### Your objective
Search the data below for "featuring" and report how many lines contain it, with no other text.

::: Source material

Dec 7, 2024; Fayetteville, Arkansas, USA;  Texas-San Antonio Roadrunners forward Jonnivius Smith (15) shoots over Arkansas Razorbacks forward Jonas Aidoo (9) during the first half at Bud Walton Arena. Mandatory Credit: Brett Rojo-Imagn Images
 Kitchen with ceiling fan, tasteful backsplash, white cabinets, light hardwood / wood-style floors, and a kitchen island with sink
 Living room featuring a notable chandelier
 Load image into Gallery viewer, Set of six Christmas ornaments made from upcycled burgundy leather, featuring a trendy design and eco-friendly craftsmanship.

::::::

### Solution to this exercise
2